Yes, this is a – excuse me, Sean jumping in again. In terms of the basis, it has been stable in January and it's really, the level of the basis is really kind of irrelevant to clients. What's much more important is the bit offer spread that they get coming in and the bit offer spread they get going out, and the level of rates they get coming in versus the level of rates coming out. So we don't see that as highly significant to the marketplace. One of the things we have seen is a very large increase in the dealer to dealer activity on CME Group, so we see the dealers hedging their positions on CME with each other. So if you look at that, actually, on recent days we've had dealer-to-dealer activity on the platform, as much as 30% of the overall volumes.

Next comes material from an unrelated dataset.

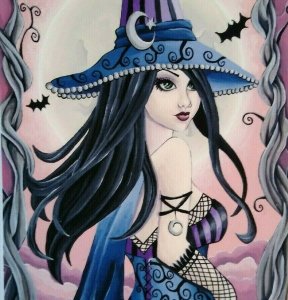 Halloween Postcard Nikki Burnette Gothic Witch Fantasy 2013 Modern Limited To 35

One of the things I said before, again, if you look in addition to that, the migration over the futures, I slightly misspoke. In 2012, we actually had 56% penetration of the cash Treasury bond market, 66% in 2013, and then last year, 75%. So we see also a very large migration over into our futures.

Andrew Bond - RBC Capital Markets LLC

Great. Thank you.

John W. Pietrowicz - Chief Financial Officer

Thank you, Andrew.

Operator

Thank you. With no further questions, I'd like to turn the conference back over for any additional or closing remarks.

Phupinder S. Gill - Chief Executive Officer & Director

Thank you all for joining us on this call and we look forward to talking to you in the next quarter. Thank you.

John W. Pietrowicz - Chief Financial Officer

Thank you

Operator

Thank – thank you for your participation. That does conclude today's conference. You may now disconnect.